• _Problem description_
In the entries that follow, the first line to write out is the one containing "Delayed, speech, development, child, problem", and the last is the one containing "Gold Bottle Brush Trees". Reproduce that stretch exactly, with nothing before or after it.

• _Provided entries_
-*-*-
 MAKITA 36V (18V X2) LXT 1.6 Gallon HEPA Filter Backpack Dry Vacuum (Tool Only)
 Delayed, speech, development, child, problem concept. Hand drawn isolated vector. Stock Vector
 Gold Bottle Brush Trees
-*-*-
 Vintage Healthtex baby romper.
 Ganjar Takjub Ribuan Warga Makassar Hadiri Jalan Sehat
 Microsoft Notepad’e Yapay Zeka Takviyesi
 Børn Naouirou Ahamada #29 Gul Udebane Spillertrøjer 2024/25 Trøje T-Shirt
-*-*-
• _Response area_
 Delayed, speech, development, child, problem concept. Hand drawn isolated vector. Stock Vector
 Gold Bottle Brush Trees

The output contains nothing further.